Page Comparison

...

Discussion
- Kimball: this is exactly how OpenEXR works. Did you get to use the decoding pipeline in the core library? Both tiles and scanlines are called chunks. This was precise idea around having the decoding pipeline. Local header was the only thing I didn’t know whether we needed to do something custom. Depending on zip or zips compression, 1 vs 16 scanlines of data. Maybe too large for DS. Maybe we have a zipg for custom number? Do we need to skip the local header in the EXR file? Mostly sanity checking in local header. Could elide some of that. Have you played with that?
- Rus: that was the plan but never got to it. Even if it was 16 scanlines, it’s not a constant size. Needs to be a constant size. Example 8k texture vs 4k texture.
- Kimball: We can pad it to be a constant size if that helps.
- Rus: so instead of 16 scanlines, needs to be 10mb so it’s a constant size.
- Kimball: for direct storage
- Rus: yes. When I compress an entire file as one chunk, it is inefficient, becomes slower than uncompressed approach. Chunkage is important to the DS performance.

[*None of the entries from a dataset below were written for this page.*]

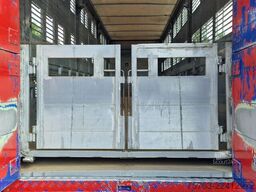 Finkl 3 deck - lift- water - vans - steering axle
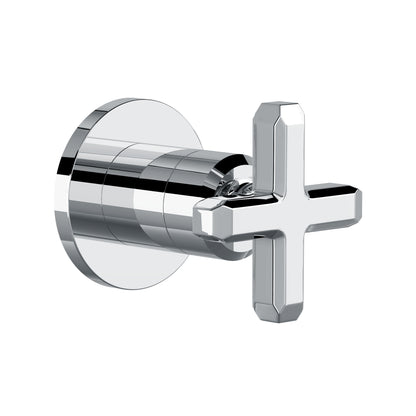 Rohl Apothecary Trim For Volume Control And Diverter, Cross Handle - TAP18W1XM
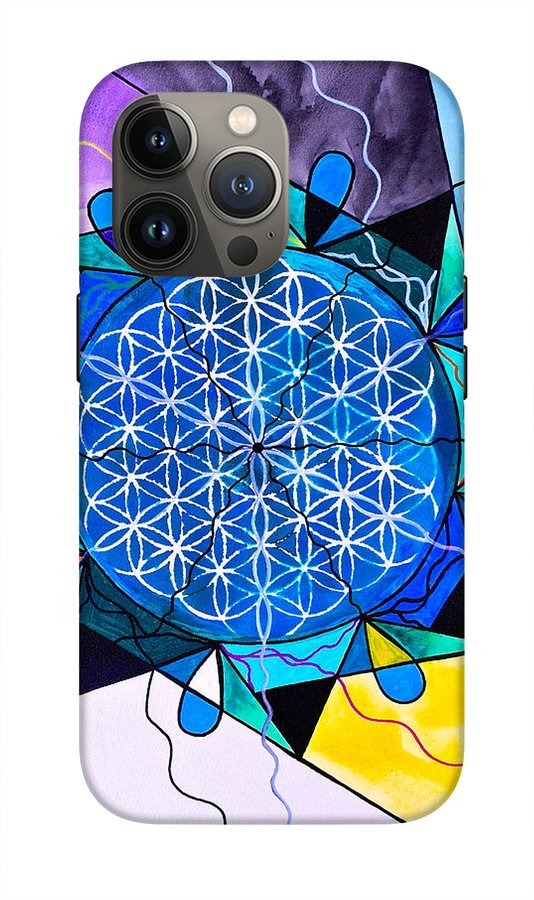 The Flower of Life - Phone Case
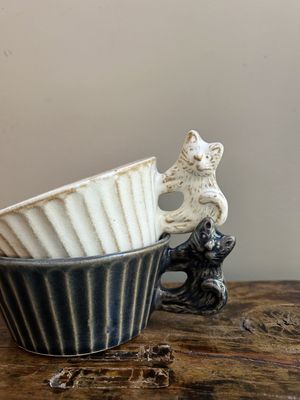 Yamaneko Mug - Mashiko Ware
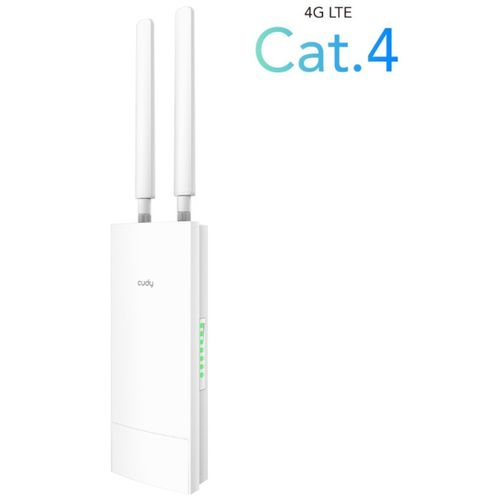 Cudy LT400 Outdoor 4G LTE Cat 4 N300 Wi-Fi Router, Nano SIM Slot, 10/100Mbps WAN/LAN slika 4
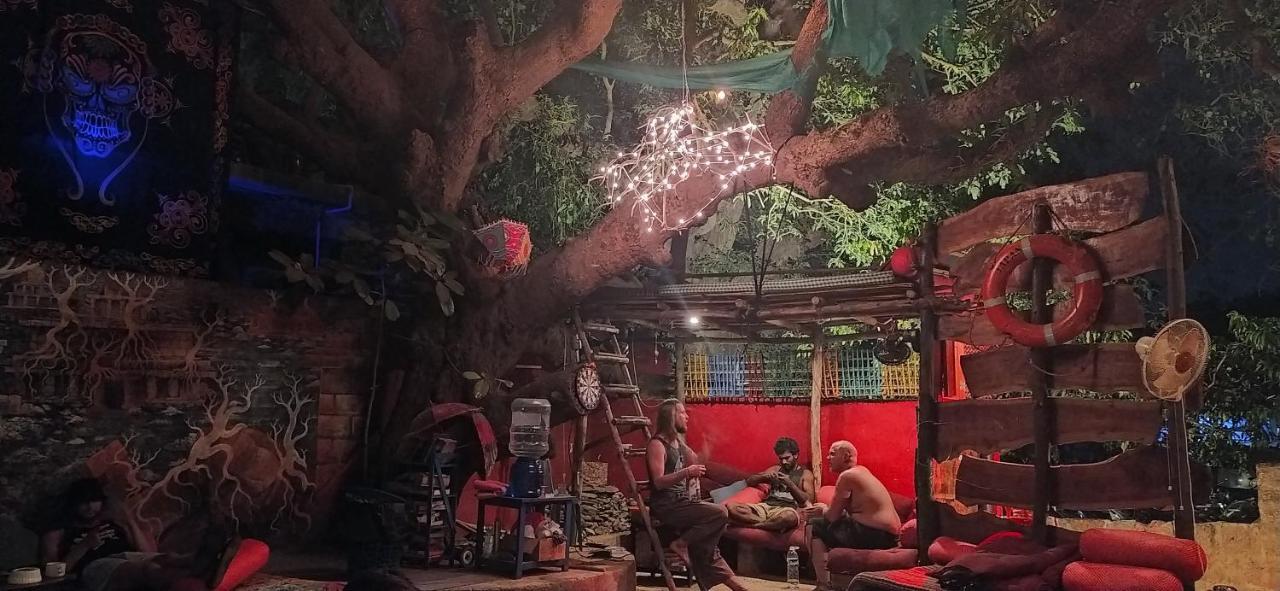 Mitra Hostel Arambol Kültér fotó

- Kimball: really about how to get GDeflate to give you a consistent size? It’s in each fragment correct?
- Rus: Yes the individual part is what has been compressed. All 64kb when uncompressed. That header generated by DS GDeflate when compressed on GPU.
- Rod: to what degree do we want to consider making legal EXR files that happen to have this data in it? And what are the extension roots you are considering?

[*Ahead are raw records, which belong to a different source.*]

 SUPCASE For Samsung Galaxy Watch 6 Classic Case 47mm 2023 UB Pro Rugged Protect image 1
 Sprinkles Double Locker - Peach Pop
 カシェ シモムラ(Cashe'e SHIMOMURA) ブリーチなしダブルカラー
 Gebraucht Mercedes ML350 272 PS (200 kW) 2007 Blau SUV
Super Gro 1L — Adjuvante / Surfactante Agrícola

- Kimball: is direct storage header public information?
- Rus: somewhat not official guideline. Available as an example on their repository. Fragment size “unlikely to change” but the header could be changed by MS. If support DS 1.2, keep up to date with how they do their headers.
- Rod: not change MS would consider lightly. But if they do update we would have to know.
- Kimball: have we taled to MS to formalize this header definition.
- Rus: no, that would be next step.
- Nick: Each fragment independent or share a dictionary?
- Rus: completely independent. Only common thing is the header.
- Kimball: Mark Liani has created a branch where he wired in GDeflate as an option into EXR in a branch. Have not looked at it yet.
- Rus: can run on whole data but not as efficient.
- Kimball: if define a zipg, we would have to go through ability to break into chunks
- Rod: also have to add the writing code. Not really MS code as long as the header doesn’t change.
- Rod: Larry, have you worked on this yet.
- Larry: no but I’d like to use. But it needs to have a plausible path on all platforms, GPU, CPU.
- Rod: my understanding is that it is working.
- Rus: we will be able to take advantage of this and provide each individual chunk to the GPU, skip system memory and CPU side.
- Larry: I like it a lot.
- Rus: from point of view of OpenEXR it’s a different way of storing things. For us to use GDeflate would just be a juggling of how data is stored. Lose half a sec on decompression on the CPU side.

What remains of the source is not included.